0

I have an XML file where all text must be contained/enclosed within an element i.e. if an element contain a child then it cannot contain text.

Example:

This is allowed:

<?xml version='1.0' encoding='UTF-8'?>
<mainParent source="">


<!-- FOR TESTING ONLY -->


    <child1 scheduling=""> <!-- 1ST -->
        <child2 domain="" type=""><![CDATA[ALLOWED TEXT]]></child2>
    </child1>

    <child1 scheduling=""> <!-- 2nd -->
        <child2 domain="" type=""><![CDATA[ALLOWED TEXT 2]]></child2>
    </child1>

</mainParent>

This is not allowed:

<?xml version='1.0' encoding='UTF-8'?>
<mainParent source="">


<!-- FOR TESTING ONLY -->


    <child1 scheduling=""> <!-- 1ST -->
        <child2 domain="" type=""><![CDATA[ALLOWED TEXT]]></child2>
        NOT ALLOWED TEXT 1
    </child1>

    <child1 scheduling=""> <!-- 2nd -->
        <child2 domain="" type=""><![CDATA[ALLOWED TEXT 2]]></child2>
    </child1>

    NOT ALLOWED TEXT 2

</mainParent>

Using DOM:

        DocumentBuilderFactory dbFactory = DocumentBuilderFactory.newInstance();
        dbFactory.setXIncludeAware(true);
        dbFactory.setNamespaceAware(true);

        DocumentBuilder docBuilder = dbFactory.newDocumentBuilder();

        doc = docBuilder.parse( new File(fileName) );

The parser only fails if an attributed is repeated or element is not closed. But would like it to also fail if a text entry is 'hanging'.

How can I enforce this?

Thanks.

Mugoma J. Okomba
  • 3,185
  • 1
  • 26
  • 37
  • Do you want to parse a particular class of XML documents for which you could specify a schema defining all elements in the schema? In that case you could validate your instance documents against the schema and you would then get a validation error if an element defined to have element only contents contained mixed contents. You will not be able to change the well-formedness check the normal XML parser performs, you would need to write a schema (W3C XML schema, Schematron schema, RelaxNG schema) to implement your requirement. – Martin Honnen Jun 18 '16 at 14:41
  • @MartinHonnen I don't use a schema.
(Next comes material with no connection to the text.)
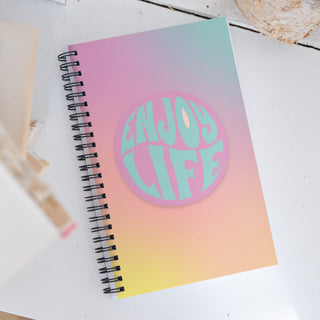 Notebook with 'Enjoy Life' sticker on a white surface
I thought I could handle the issue without resorting to a schema. – Mugoma J. Okomba Jun 18 '16 at 14:53
  • Well, the XML specification defines what is allowed and what not, and as long as you only check the well-formedness of an input document any element is certainly allowed to contain child elements as well as child text nodes (mixed content). There are no settings to have an XML parser restrict the input, unless you define a DTD or schema prescribing allowed element content. – Martin Honnen Jun 18 '16 at 15:14
  • 1
    You could also traverse the doc yourself after parsing and check your conditions, but using standards like schema might make sense - my2c – Stefan Hegny Jun 18 '16 at 20:51

0 Answers0